There are a number of extended photo-essays of individuals, with a cluster of photographs for each subject, and these are followed later
in the book by text essays. It seems a pity the text could not have been more closely associated with the photos but I am well aware of the
problems associated with laying out books which contain colour and monochrome illustration as well as text, all of which may demand
different types of paper and therefore impose restrictions on the arrangement of the books contents.
One of the photo/text essays deals with Robert Eads and his partner Lola Cola and I realised as I looked through that section that one
of the most famous of the many photos of that remarkable couple came from the camera of Allen. Sylvia Rivera and Leslie Feinberg appear in
full activist mode and there is even an F.T.M. sheriff from Florida. His was the only
image which made me uneasy (as I said to Allen in an email) as he is depicted levelling a handgun at the camera and, by extension, the
reader. I do not like having guns pointed at me under any circumstances, and am surprised that anyone who handles guns professionally would
do such a thing. (Shows how strong the discipline was in my pistol club, I guess, and how often I was roared at by weapons trainers when I
was in the Navy).
I digress. Technically, Allen's book is just about as good as you can get. The monochrome images (black and white if you like) are
printed by the duotone process, which runs pages through the press twice, with the result that the blacks are deep and lustrous and the
shadings velvety and smooth. The colour printing is as good as one expects German printing to be, which is very good indeed, and the book
is physically well-made.
I have, however, a couple of minor complaints relating to the way the book has been designed. Information conventionally contained on
the back of the title page (such as the I.S.B.N. and the date of
publication) turn up on the last page of text, like a mediaeval colophon. The sub-editors have been careless at least once, transposing
page identification of images so that Jamison Green is said to be on p.76 and Yvonne Cook-Riley on p. 77 whereas the reverse is true. This
is rather more important in a gender-role-related book than in most, since in some cases the accepted gender association with a given name
can be at odds with that person's image. I am sure that neither Green nor Cook-Riley would wish to be identified as the other.
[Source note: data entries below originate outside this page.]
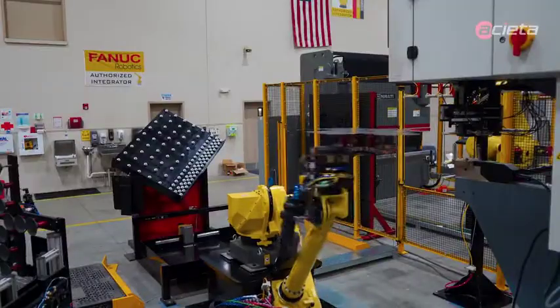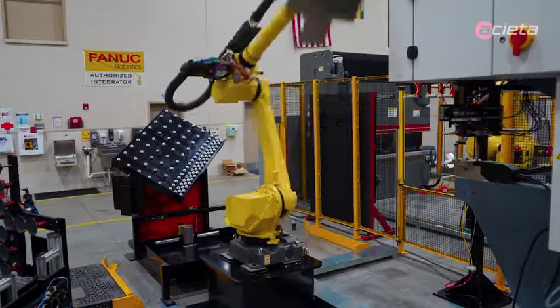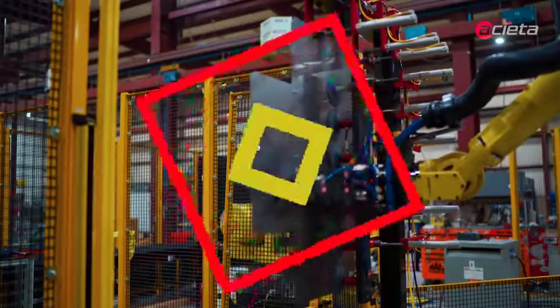Whether you have these same pain points or not, find out how automation can help you address your pain points. Contact Asita today.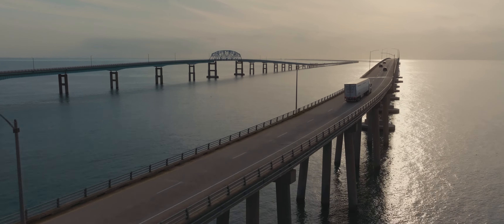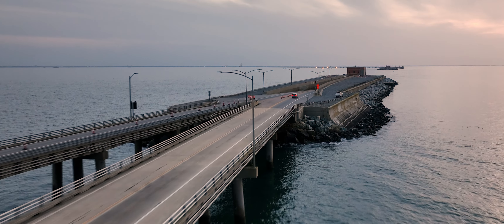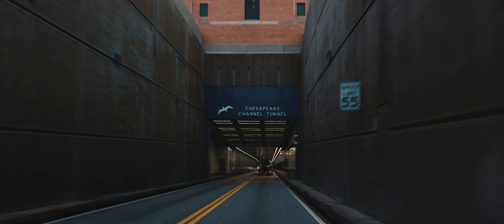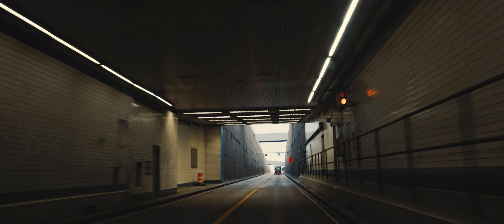The Chesapeake Bay Bridge Tunnel is a combination bridge tunnel complex. We roughly have 46 lane miles — travel miles — that we have to watch and protect. Up until a couple of years ago, we were the longest bridge tunnel complex in the world.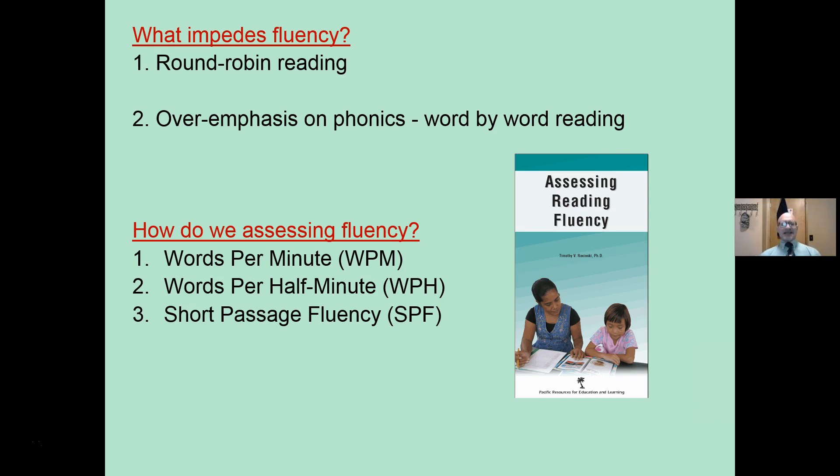Things that impede or get in the way: round robin reading. That's where you go around the room and everyone reads out loud. Because students are so afraid of making a mistake, they go word by word. And an overemphasis on phonics — word by word, reading letter by letter — means you give up meaning to focus on accuracy. When you're not focusing on meaning, you're reading word by word.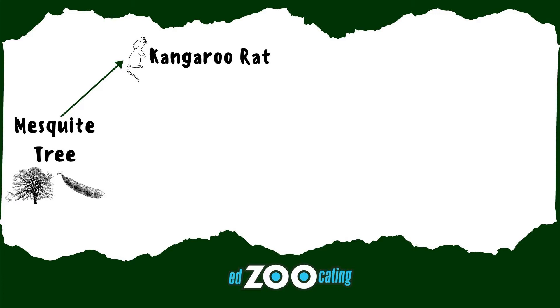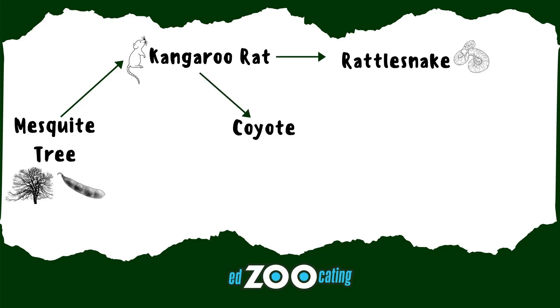Kangaroo rats are a very common and very cute rodent found throughout the Sonoran Desert, and they are a very big fan of mesquite pods. They will even take them back to their burrows and store them up for the seasons where there are no seed pods. There are also many predators in the desert that like to eat the kangaroo rats, like rattlesnakes and coyotes — these are secondary consumers.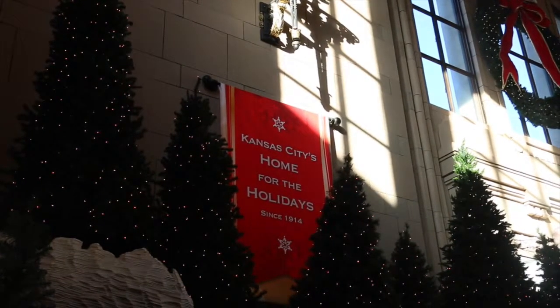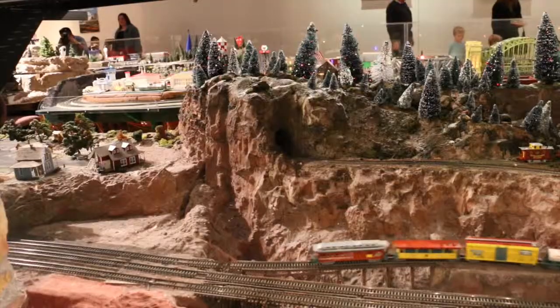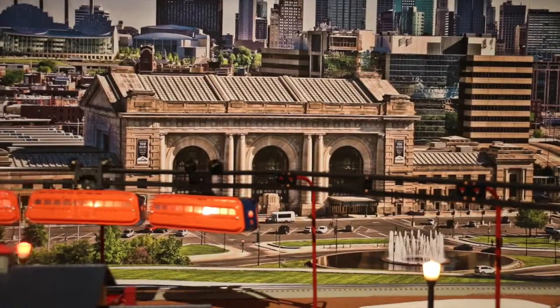Coming in at number two, right across the street at Union Station: the holiday train display. Enjoy many rooms of miniature Lego cities with a Christmas theme, or check out the beloved Jones Store Train, Union Station's main holiday attraction for generations.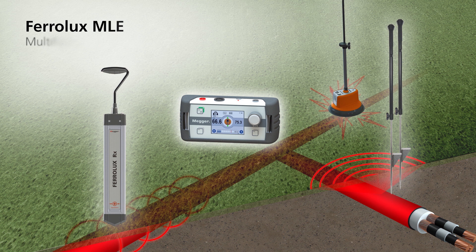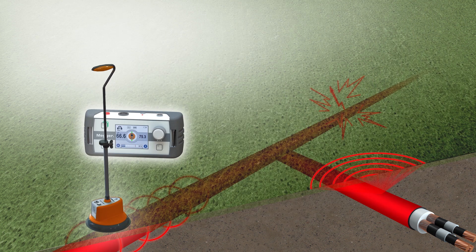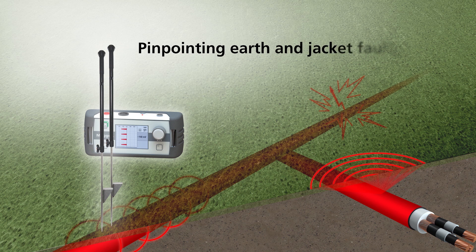The new Ferrolux MLE offers a powerful combination of tracing utilities and cable fault location. Various sensors are connected to the multifunctional control unit and are ready for use in a second. The ground microphone can precisely pinpoint flashover faults in buried cables. Optional earth probes allow accurate pinpointing of earth and jacket faults.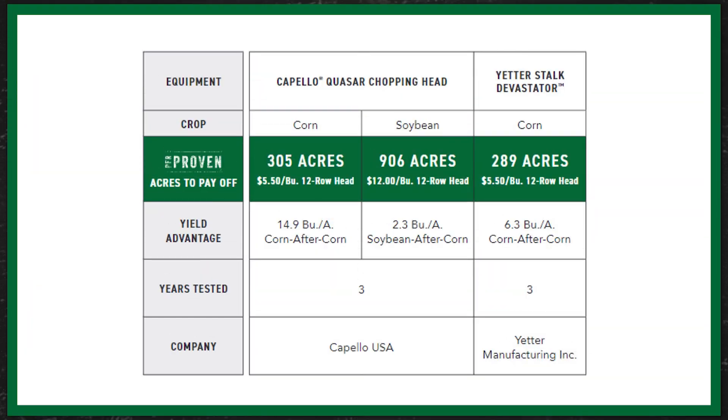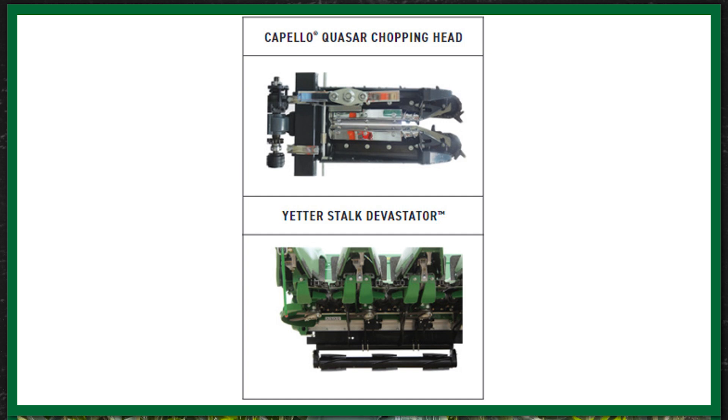The other option is going to be the mechanical methods. That's going to be either the Capello chopping head or the Yetter stock devastator — the two PFR proven ones. These go right on the combine and physically break down those stalks as we're running through the field. These work really great and can provide a consistent breakdown of those stalks every single time, but they do cost a little bit more than if we were just going to spray something over the field. The sprays may be a little less consistent, especially as we move north here — we still need temperatures high enough to have good microbial activity, and that's often limiting in the fall. But if we do have a warm fall or warm winter, these products can work quite well, even up in Michigan and Northern Indiana.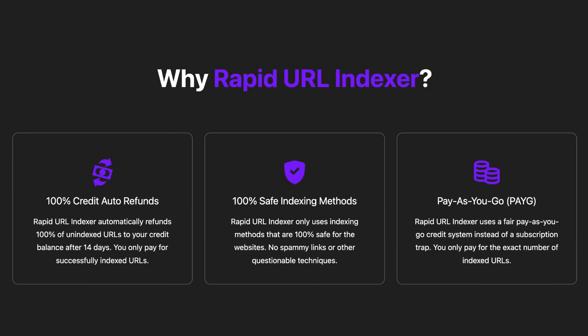Risk-Free Guarantee: We automatically refund credits for any URLs that don't get indexed within 14 days. You only pay for success. 100% safe methods — no black hat techniques here. We use only white hat methods to get your URLs noticed.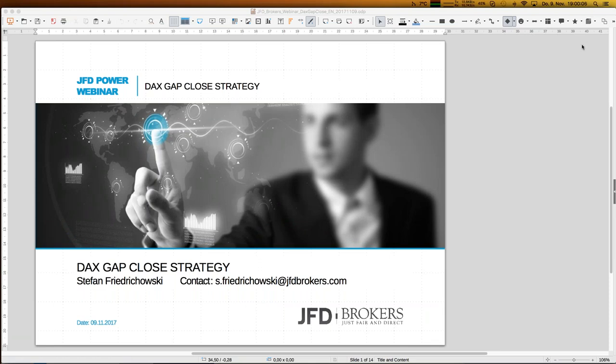Welcome everybody to our next webinar here at JFD Brokers. Today is the 9th of November 2017 at seven o'clock p.m. As usual, today's topic is the DAX gap close strategy — something you may have heard about in textbooks and articles. There's a common belief that gaps are always, or nearly always, closed, and that we can trade that approach profitably.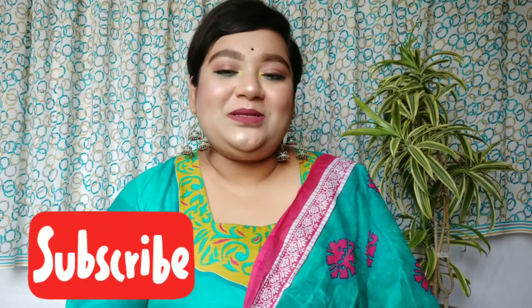Hello everyone, welcome back to my YouTube channel, and if you're new here, welcome! I am Shuchatana and I make content related to beauty, makeup, and lifestyle. If you're interested, please subscribe to my YouTube channel and hit the notification bell so you don't miss any updates. Now let's move on to the video.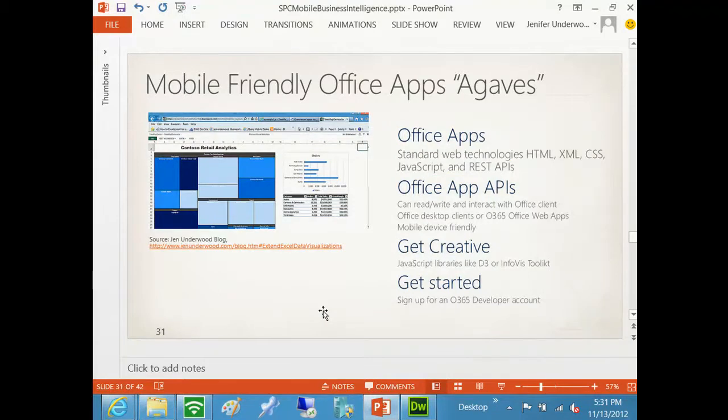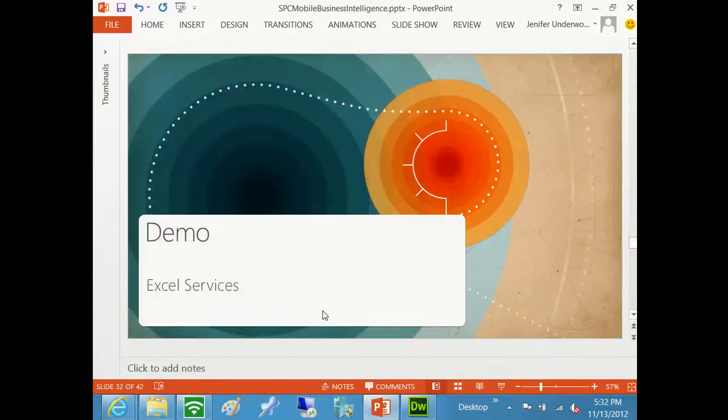Most BI users are visualization freaks for data visualization. One of my favorite visualizations is a heat map. The whole concept of Office apps and agaves - these are HTML-friendly JavaScript and CSS. I've taken the InfoV free public library and created a dynamic heat map in Excel that is also mobile device friendly because it's HTML5. I use the simple insert Office app and deploy it to SharePoint or O365 to get that interactive visualization. You can get pretty creative with these extensions.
Many of the images chosen by Allen for her book are striking. Some are even daunting, such as the operating theatre view of the surgical
donor site for the creation of a neophallus. Personally I find photographs of transgenders demonstrating for their rights more inspiring
than that of a plump M.T.F. sheriff lying naked in the Florida sun showing off his huge,
flaccid penis, but each to his or her own.
I hope I have made it clear that this book will be of interest to the transgender community, not least because it ignores the glitz and
glamour typical of those transgender books which concentrate on the Barbie and Ken dolls of our community. It will, however, be of even
more value in bringing the general public to an understanding of the need for political, human, legal and medical rights for transgenders.
The stress in this book is on the hard-working activists and role models to whom we owe so much. It is a book which is desirable for
libraries with gender collections but it should also be in public and educational libraries of even moderate size.